Some people have some substantial misconceptions when it comes to exactly what makes you healthy. Unfortunately, some folks think that just any old cardio machine will do to break a sweat and shed those unwanted pounds, while others believe that a pill can do the trick and give them the physique they see in magazines. Both couldn't be more wrong. Check out the suggestions below to firm up a few misinterpretations about working out so that you can stay on the right path for a healthy existence.

The Do

Never say you're going to do some cardio. That is simply way too general, and it lacks a real purpose. Select a machine or workout that is specific to what you want to focus on during the session. If you're a budding triathlete, don't spend wasted time short-stepping away on the stairmaster when you should be turning over the pedals or running intervals. If you want to cut fat and strengthen your core, start running rather than calling the recumbent bike your cardio. Give each session variety in its approach and pick the style that matches your desired outcome. In the end, don't just show up and decide what do to do. Arrive with a structured plan, one that you considered and reflected upon beforehand. Results will come much quicker.

The Don't

To put it simply, supplements do not replace exercise or quality nutrition.

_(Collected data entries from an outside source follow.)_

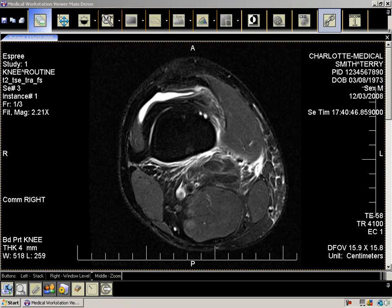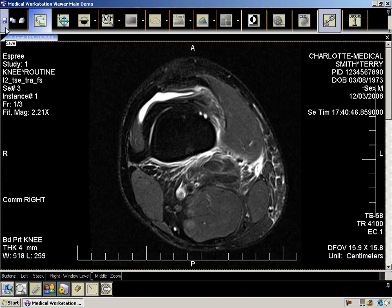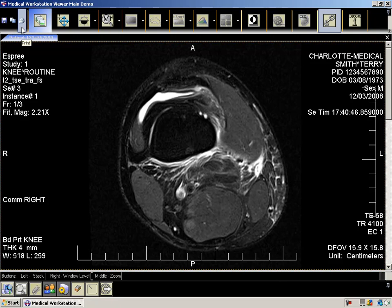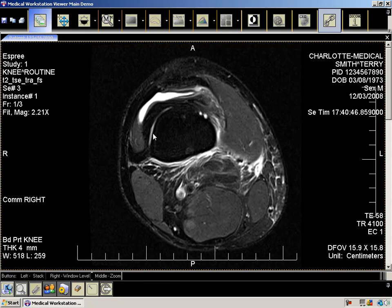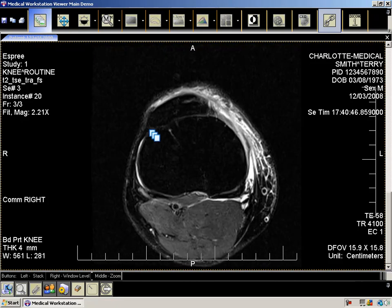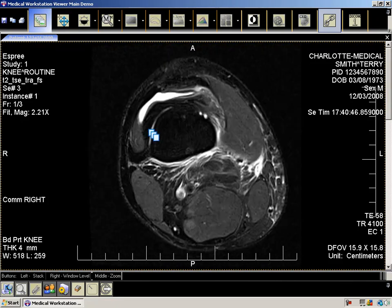Now let's go over the toolbar. In the upper left-hand corner, you have the ability to save the image to a BMP or JPEG file. You can copy the image and paste it in another imaging application, or send the image to a printer. The next feature, selected by default, is the stack. This allows you to scroll through the different frames of the image. With the left mouse button pressed, move the mouse up and down to scroll back and forth through the frames.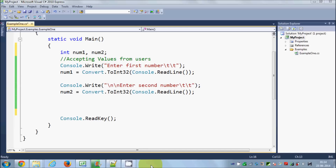Hello guys, in this video I'm going to show you how to use the IF statement in C#. In addition, I will also show you what a comparison operator is and what a logical operator is. So let's get started.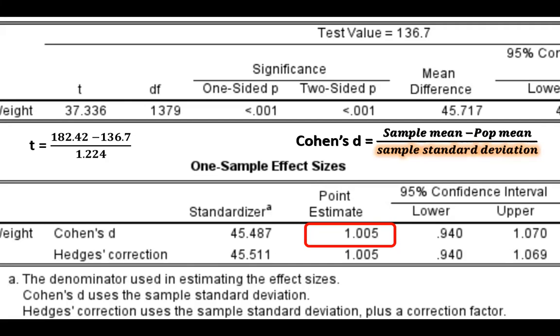And if you decide to use Cohen's d for effect size, the criteria for interpreting the strength are that somewhere around 0.2 means small effect, somewhere around 0.5 means medium effect, and somewhere around 0.8 means large effect, according to Cohen himself, which he explained in his 1988 article. So what we have here is 1.005, which means the effect was relatively large. Now, this concludes our video. I hope this video was helpful. Thank you for watching. I'll see you next time.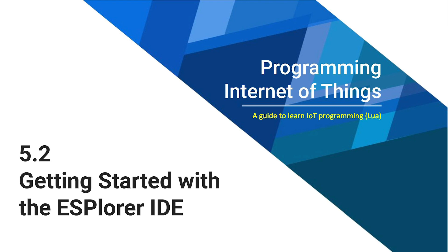In the previous lesson, we installed JDK, a necessary tool to run the ESPlorer. In this lesson, we'll go over how to download and run the ESPlorer itself.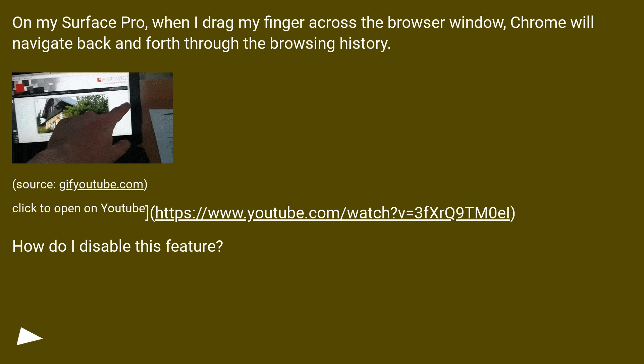Source: gifyoutube.com. Click to open on YouTube this URL. How do I disable this feature?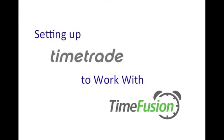Hi, this is Bill Jenkins from Web Lever Consulting Services. Thanks for signing up for TimeFusion. It's the solution for one-way syncing from TimeTrade to Infusionsoft.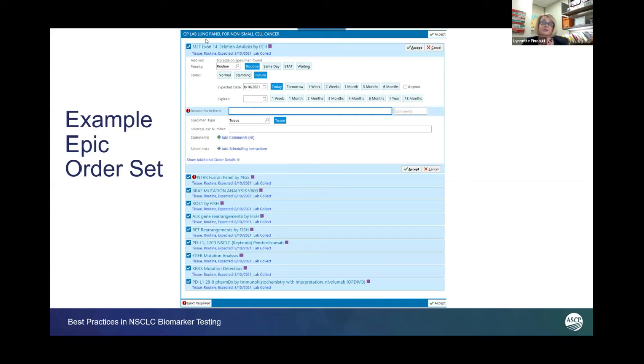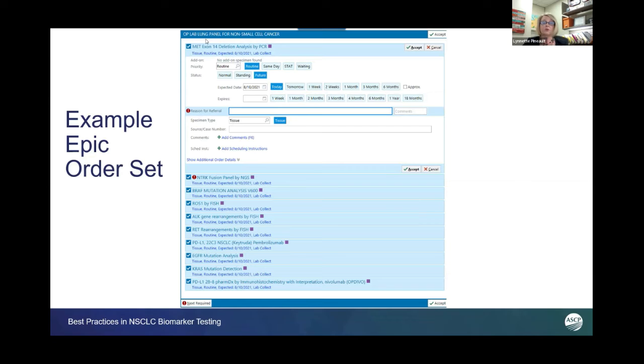As tests change and billing practices change and options are available, we wanted the flexibility to move tests in and out as needed.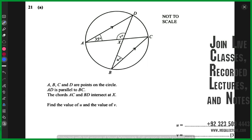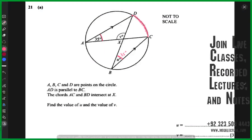AD is parallel to BC. The chords AC and BD intersect at X. Find the value of u and find the value of v. The angle A is 35 degrees. U degrees is making the same arc, so whenever the same arc is being made, this is a property — this angle is also going to be 35 degrees.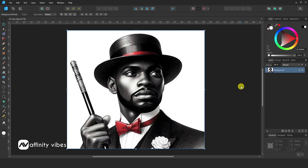First, select your image. Now here on the left sidebar, you will not find any removal tools.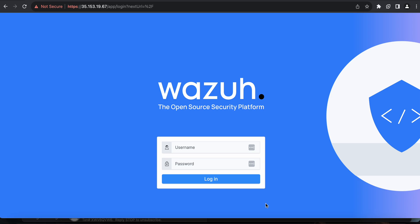Hello everyone, hope you're all doing well. In this video I'd like to talk about Wazuh, an open source security platform that mostly deals with XDR and SIEM related aspects of security tools. This is one of the best tools I've seen that is open source and free to use.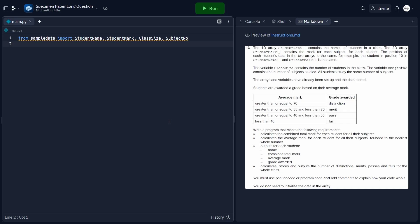In this video, we're going to solve question 13 from the specimen paper for the 2023 computer science syllabus. This is the long programming question, which was added to replace the pre-release material from last year's syllabus.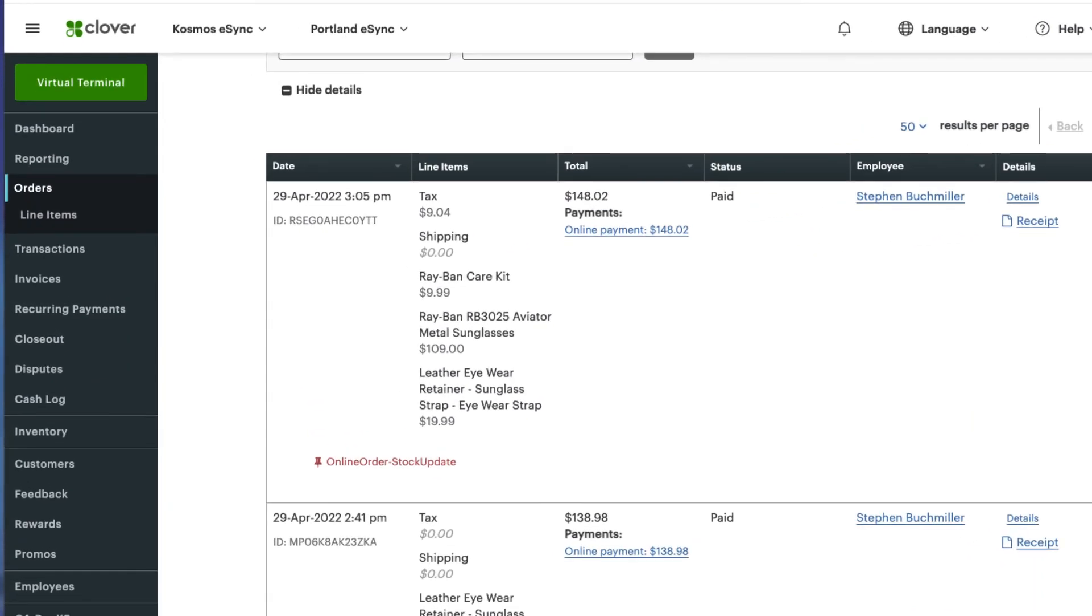So let's look at our order in Clover. You see here we have a Ray-Ban care kit, Ray-Ban aviator metal sunglasses and leather eyewear with the total of 148.02.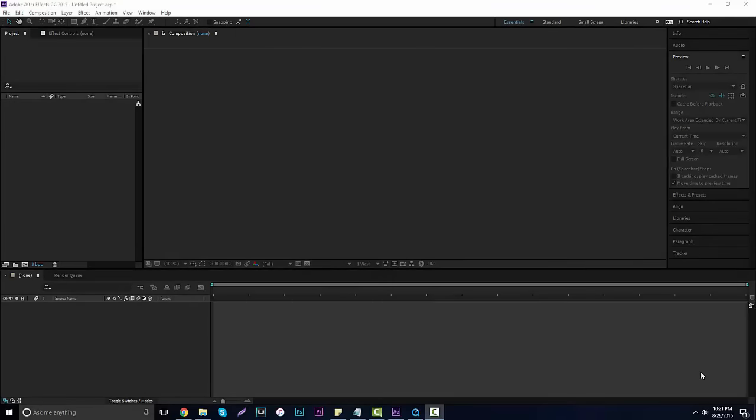Yo, what's going on guys? It's Garrett here bringing you guys a new tutorial. Today we're gonna be going over After Effects, another part of the Adobe suite. We're gonna be showing you guys how to make your very own time-lapse.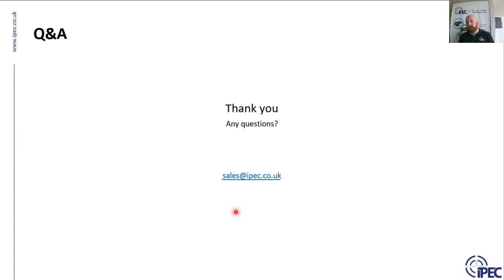Thank you very much for your time. I hope you learned something, and watch out for new information that we'll be sending through.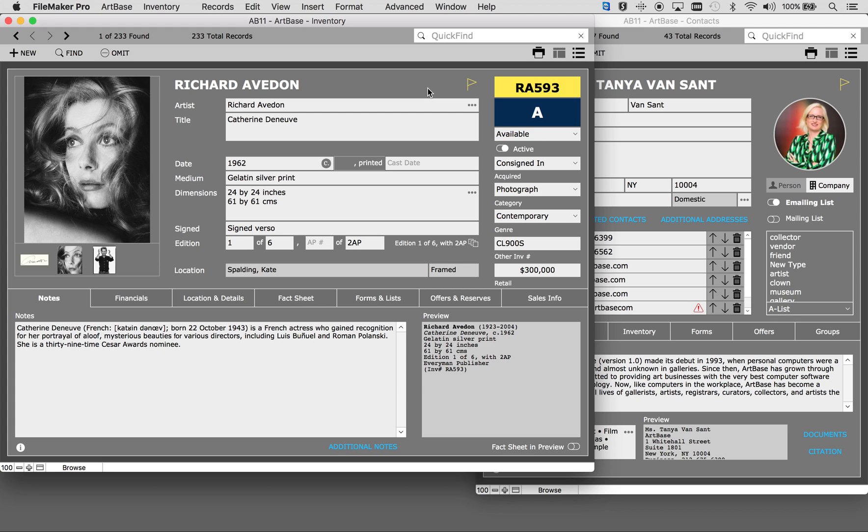Using Artbase gives you the ability to handle all of your business related tasks from one easy to use program. Looking at the front-facing page of Artbase 11 you can view all the primary details about the work of art.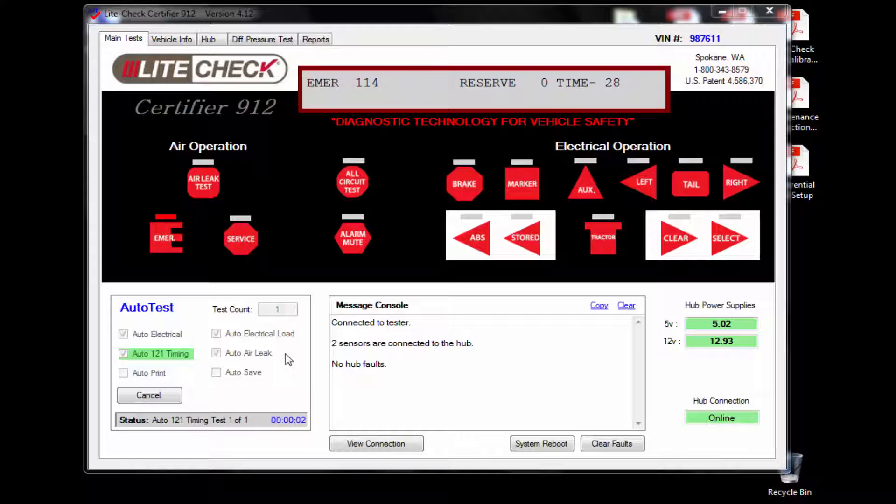The final auto test is the auto 121 timing test. This test again will cycle the emergency and service air, but this time the tester will be checking the set and release times for the brakes of the trailer.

Supplements, by the sheer definition and nature of the word, provide additional support and replenishment. In other words, they help; they do not generate a miracle cure or rapid advancement. Don't think swallowing a pill each day will burn the love handles away or get rid of the double chin. Pick supplements that will aid in your recovery from vigorous workouts and that make logical sense in terms of supporting your diet. Also, a supplement will not overpower the double-bacon cheeseburger you had for lunch. No supplement on the market is a sponge for bad dietary or training habits. Thus, use them wisely and with a purpose. Do not look for them to work all by themselves.